In 1899, George Sellner acquired The Manila Times from Gowan, who joined the paper as business manager.

In 1902, an American businessman acquired The Manila Times, reacquired by Sellner in 1905.

In 1907, Thomas C. Kinney acquired The Manila Times from Sellner.

On July 25, 1914, The Manila Times moved its headquarters from the Escolta Street to the Cosmopolitan Building.

In 1919, future Philippine President during the Commonwealth period Manuel L. Quezon acquired The Manila Times and he owned until 1921, when sugar magnate George Fairchild acquired the paper.

In 1926, Jacob Rosenthal acquired The Manila Times from Fairchild.
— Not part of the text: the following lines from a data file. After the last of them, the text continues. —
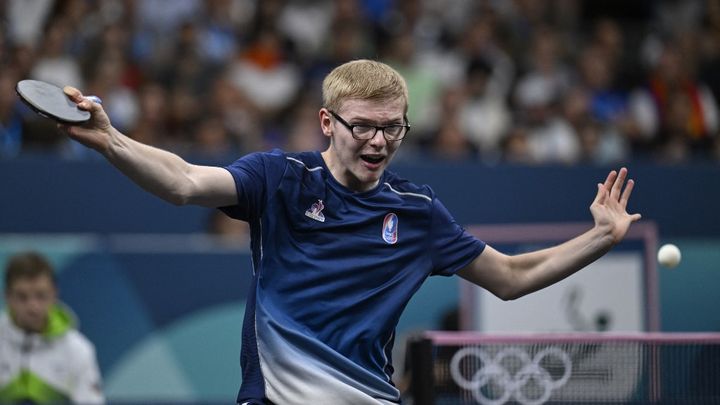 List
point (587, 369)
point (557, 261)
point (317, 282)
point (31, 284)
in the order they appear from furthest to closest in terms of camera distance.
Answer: point (31, 284) < point (587, 369) < point (557, 261) < point (317, 282)

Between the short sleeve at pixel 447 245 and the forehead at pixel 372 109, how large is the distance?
1.55 ft

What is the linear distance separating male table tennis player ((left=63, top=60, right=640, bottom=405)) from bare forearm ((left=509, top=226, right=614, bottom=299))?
47 cm

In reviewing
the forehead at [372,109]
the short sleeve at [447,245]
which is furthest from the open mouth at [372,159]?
the short sleeve at [447,245]

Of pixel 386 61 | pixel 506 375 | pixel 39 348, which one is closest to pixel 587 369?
pixel 506 375

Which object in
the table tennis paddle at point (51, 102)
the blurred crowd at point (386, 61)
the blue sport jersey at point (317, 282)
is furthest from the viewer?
the blurred crowd at point (386, 61)

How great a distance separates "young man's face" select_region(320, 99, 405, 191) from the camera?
15.4 ft

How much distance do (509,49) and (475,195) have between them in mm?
3413

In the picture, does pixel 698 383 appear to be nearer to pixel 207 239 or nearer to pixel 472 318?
pixel 472 318

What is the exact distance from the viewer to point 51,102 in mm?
4129

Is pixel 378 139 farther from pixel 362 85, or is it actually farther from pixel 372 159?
pixel 362 85

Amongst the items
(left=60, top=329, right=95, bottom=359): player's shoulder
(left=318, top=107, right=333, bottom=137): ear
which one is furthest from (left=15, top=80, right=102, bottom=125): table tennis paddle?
(left=60, top=329, right=95, bottom=359): player's shoulder

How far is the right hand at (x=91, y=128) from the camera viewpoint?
4078mm

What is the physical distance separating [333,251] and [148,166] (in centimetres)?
88

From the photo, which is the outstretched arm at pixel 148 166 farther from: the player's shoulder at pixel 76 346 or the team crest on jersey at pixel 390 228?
the player's shoulder at pixel 76 346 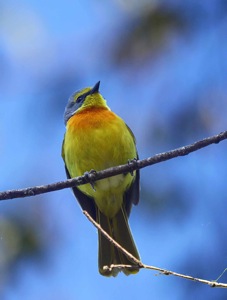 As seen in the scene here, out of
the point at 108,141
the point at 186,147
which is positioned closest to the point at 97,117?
the point at 108,141

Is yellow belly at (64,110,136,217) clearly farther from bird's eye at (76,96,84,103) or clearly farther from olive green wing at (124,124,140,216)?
bird's eye at (76,96,84,103)

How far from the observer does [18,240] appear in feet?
13.8

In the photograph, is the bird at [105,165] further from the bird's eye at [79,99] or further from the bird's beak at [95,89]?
the bird's eye at [79,99]

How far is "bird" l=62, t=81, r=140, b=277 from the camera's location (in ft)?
15.2

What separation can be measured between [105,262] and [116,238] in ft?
0.70

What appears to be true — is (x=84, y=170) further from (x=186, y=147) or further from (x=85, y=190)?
(x=186, y=147)

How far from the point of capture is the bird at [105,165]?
4645mm

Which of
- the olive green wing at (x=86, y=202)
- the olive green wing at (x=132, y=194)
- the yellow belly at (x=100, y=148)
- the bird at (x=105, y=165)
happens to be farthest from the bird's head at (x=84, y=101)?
the olive green wing at (x=86, y=202)

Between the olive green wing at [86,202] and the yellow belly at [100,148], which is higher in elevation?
the yellow belly at [100,148]

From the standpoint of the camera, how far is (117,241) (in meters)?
4.93

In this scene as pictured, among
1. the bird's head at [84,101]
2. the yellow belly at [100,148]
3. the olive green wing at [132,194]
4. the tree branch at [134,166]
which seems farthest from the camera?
the bird's head at [84,101]

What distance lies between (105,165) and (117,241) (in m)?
0.69

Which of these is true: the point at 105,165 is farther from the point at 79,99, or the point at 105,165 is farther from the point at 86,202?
the point at 79,99

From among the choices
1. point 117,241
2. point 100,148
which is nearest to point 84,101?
point 100,148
On December 10, 1928, the Cosmopolitan Building was destroyed by a fire and The Manila Times headquarters were moved to Intramuros.

On March 15, 1930, The Manila Times was shut down for the first time until 1945, when the paper re-opened after World War II and was later sold to Chino Roces.

By 1950, The Manila Times becomes the largest newspaper in the Philippines.

On September 23, 1972, President Ferdinand Marcos declared martial law with Proclamation No. 1081, he ordered the closure of media establishments throughout the country, including The Manila Times, it marks the second time the newspaper closed since 1945 and its owner Chino Roces arrested.

On February 5, 1986, The Manila Times re-opened, several days before the People Power Revolution that ousted Marcos and installed Corazon Aquino as president.

Chino Roces died on September 30, 1988 and in 1989, the paper was acquired by businessman John Gokongwei.

In 1999, The Manila Times faced controversy when  it published a story about President Joseph Estrada, who was described as an "unwitting godfather" in a deal between the National Power Corporation (NAPOCOR) and Argentine firm .

On March 9, 1999, Estrada filled a libel suit against The Manila Times, but the libel case withdraw one month later in April, and the libel case withdrawal triggered the resignation of the paper's editors and writers.

On July 20, 1999, The Manila Times was acquired by Katrina Legarda and Reghis Romero from Gokongwei and then shut down for the third time on July 23, 1999 and later re-opened on October 11, 1999.
On May 14, 2001, Mark Jimenez acquired the paper, until he sold to Dante Ang, a publicist for President Gloria Macapagal Arroyo on August 8, 2001.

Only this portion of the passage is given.